[[ Data shown, beginning ]]
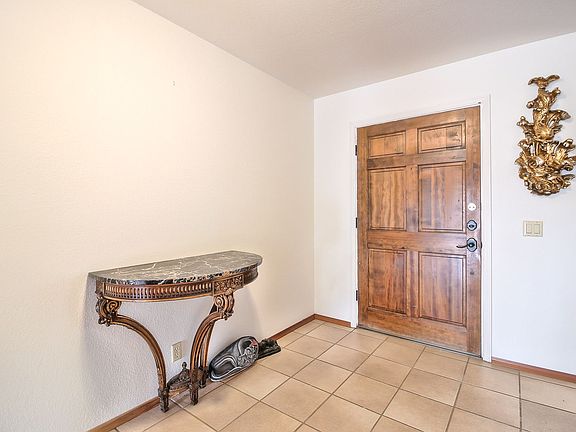 4th image of 1104 Nob Hill Ct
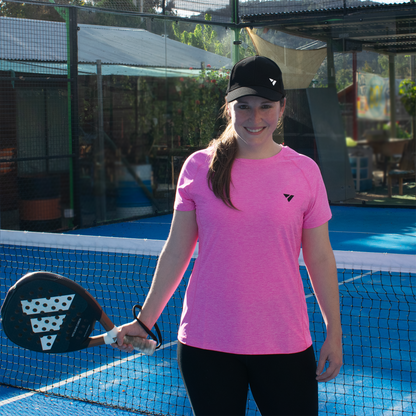 mujer de frente en cancha de pádel sosteniendo su pala con su mano derecha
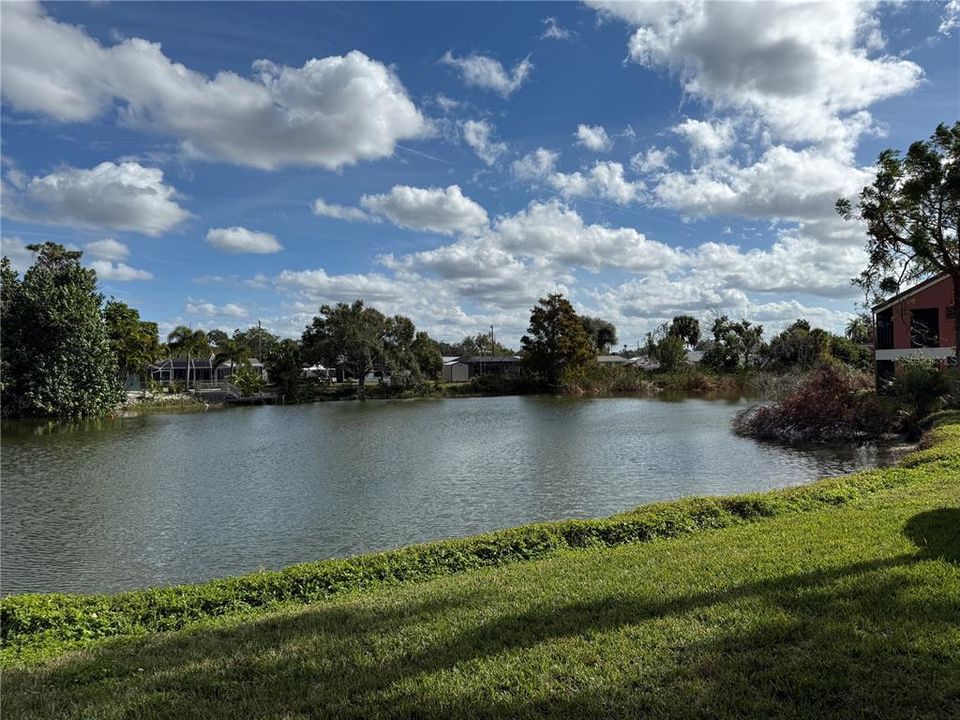 For Rent: $1,700 (2 beds, 2 baths, 848 Square Feet)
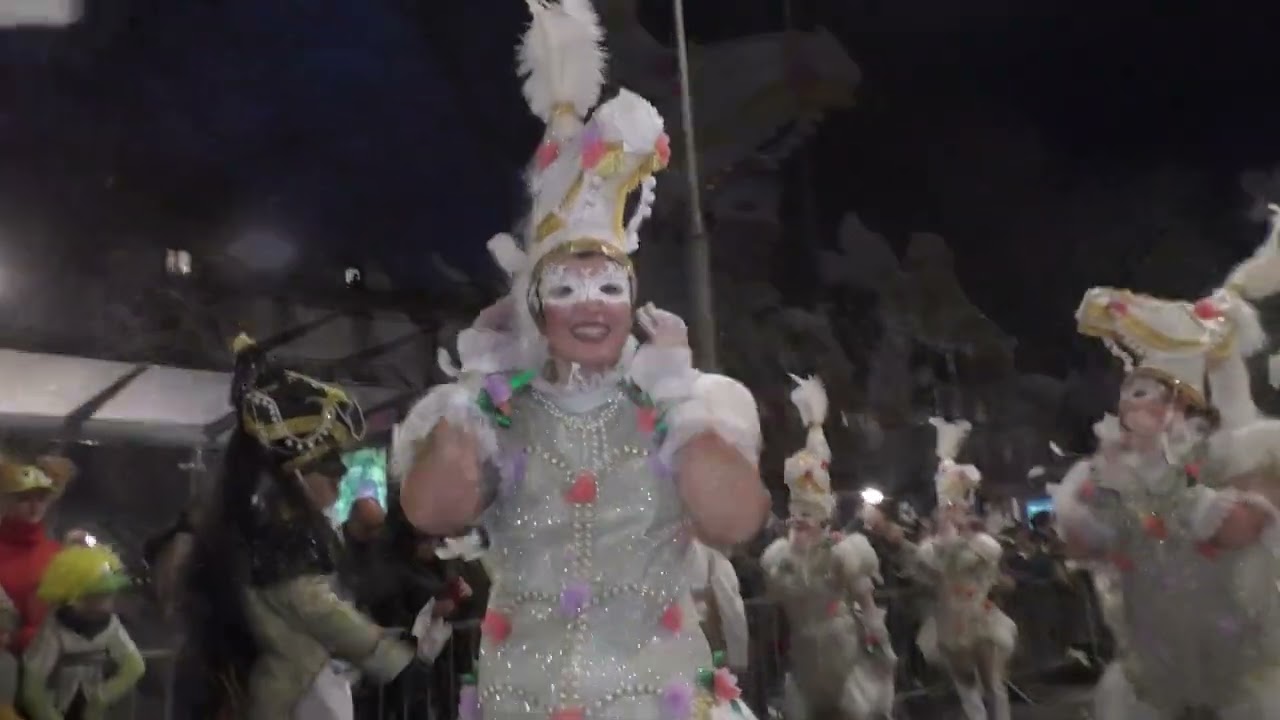 Fama en el desfile del Carnaval de Donostia 2025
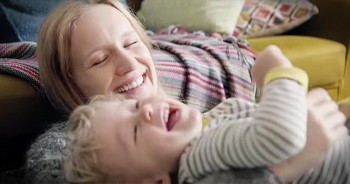 Sometimes, being a mother is tough. But when you take a moment to look at yourself from your child’s eyes, everything looks completely different. I didn’t except this many tears!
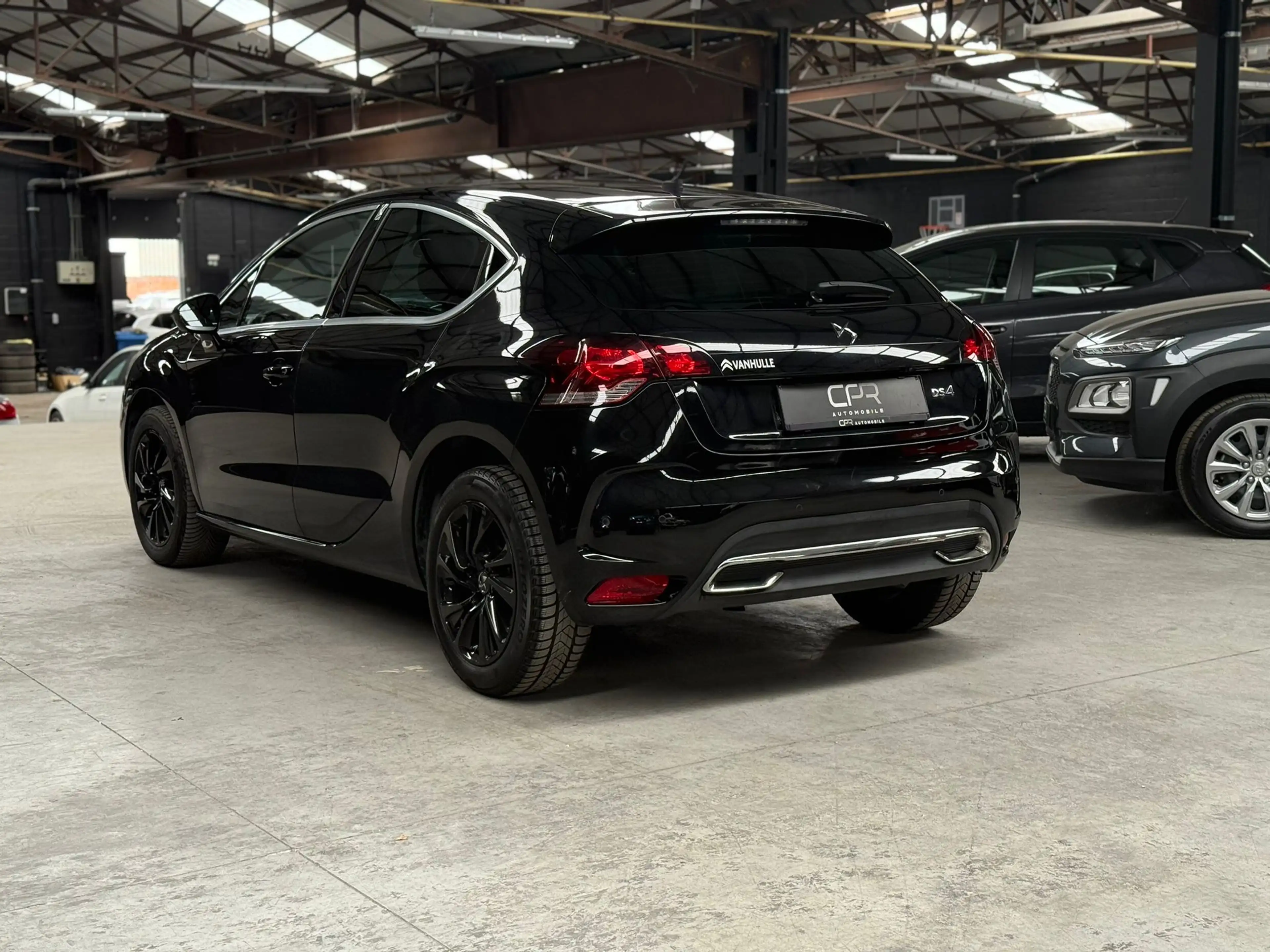 DS Automobiles DS 4 DS 4 1.2i * GPS * CLIM AUTO * RADAR AV/AR * JANTES — photo 6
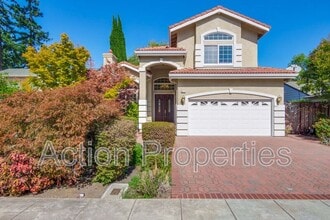 Building Photo - 871 Sycamore Dr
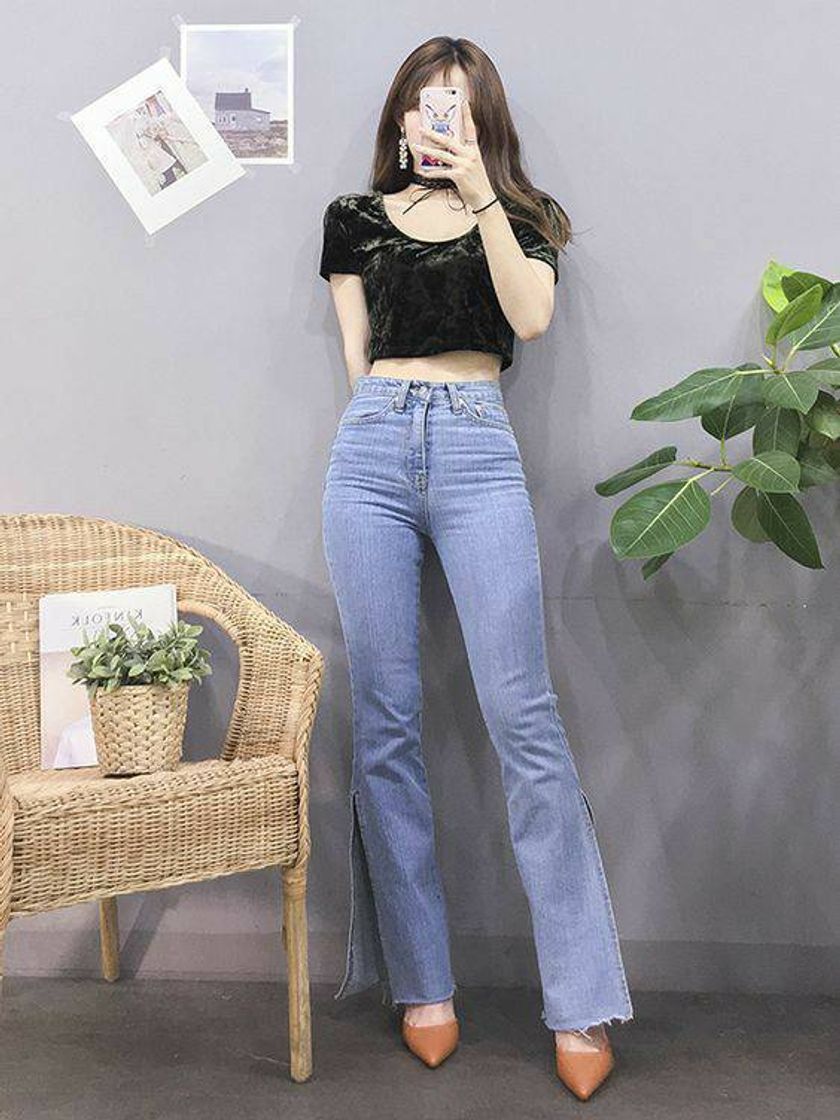 Fashion Even jeans can put together an elegant look.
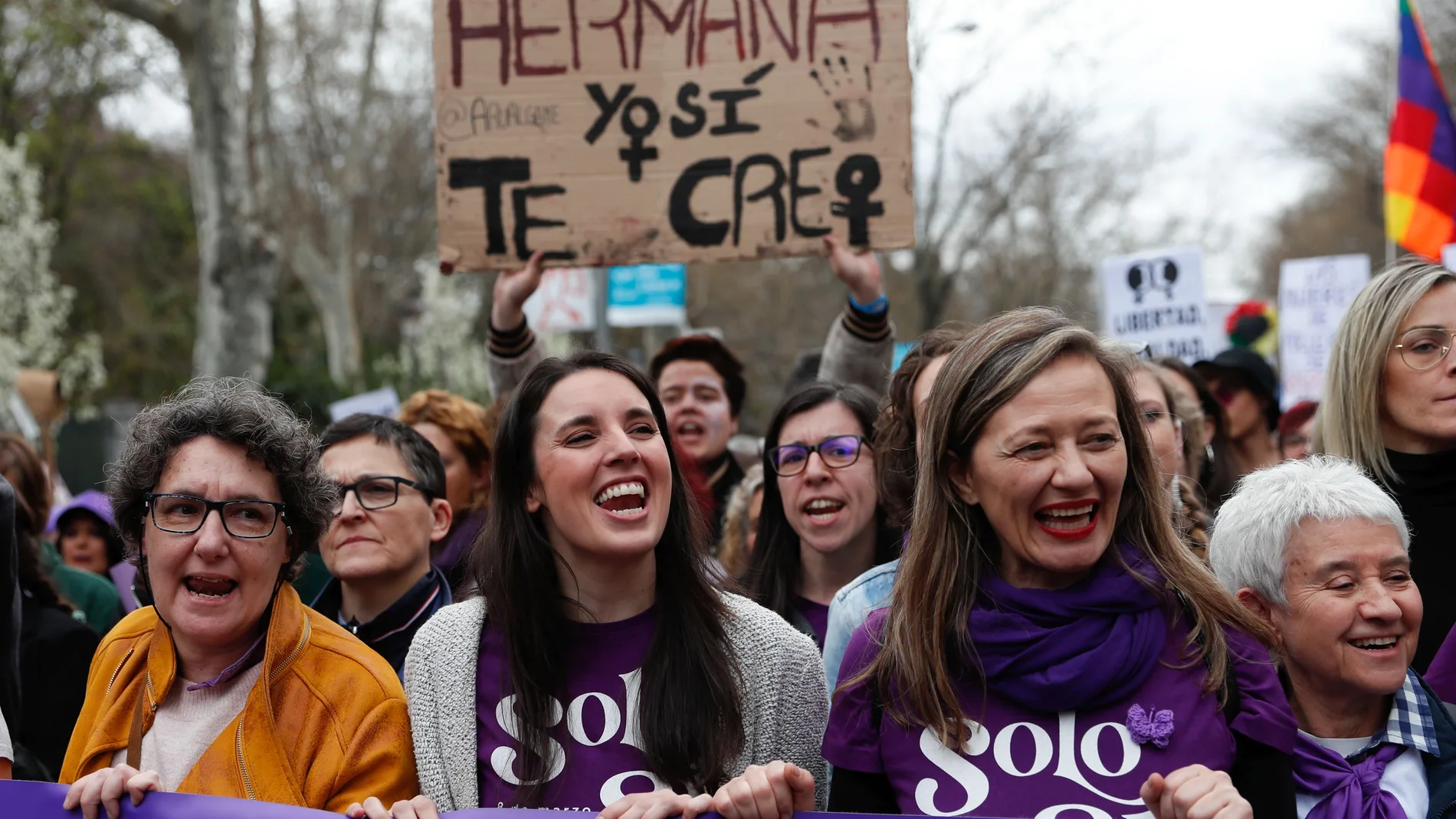 La ministra de Igualdad, Irene Montero, junto a la directora del Instituto de la Mujer, Beatriz Gimeno y la delegada del Gobierno contra la Violencia de Género, Victoria Rosell, en la manifestación del 8-M, en Madrid
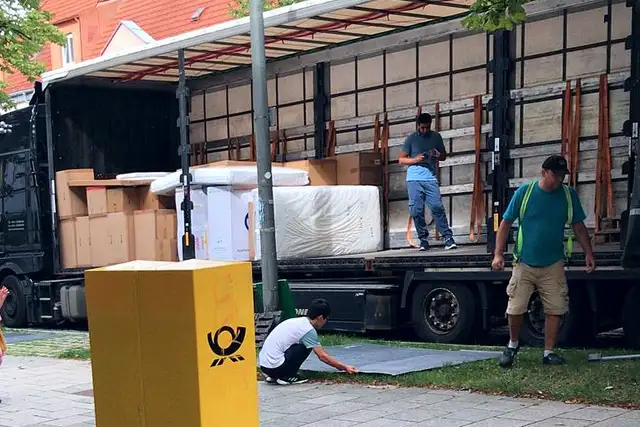 Umzugs-LKW wird vor einem Wohnhaus beladen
[[ Data shown, end ]]
» **Task to carry out**:
Where an image appears in the data, skip it, and return the rest verbatim.

» **Solution**:
 4th image of 1104 Nob Hill Ct
 mujer de frente en cancha de pádel sosteniendo su pala con su mano derecha
 For Rent: $1,700 (2 beds, 2 baths, 848 Square Feet)
 Fama en el desfile del Carnaval de Donostia 2025
 Sometimes, being a mother is tough. But when you take a moment to look at yourself from your child’s eyes, everything looks completely different. I didn’t except this many tears!
 DS Automobiles DS 4 DS 4 1.2i * GPS * CLIM AUTO * RADAR AV/AR * JANTES — photo 6
 Building Photo - 871 Sycamore Dr
 Fashion Even jeans can put together an elegant look.
 La ministra de Igualdad, Irene Montero, junto a la directora del Instituto de la Mujer, Beatriz Gimeno y la delegada del Gobierno contra la Violencia de Género, Victoria Rosell, en la manifestación del 8-M, en Madrid
 Umzugs-LKW wird vor einem Wohnhaus beladen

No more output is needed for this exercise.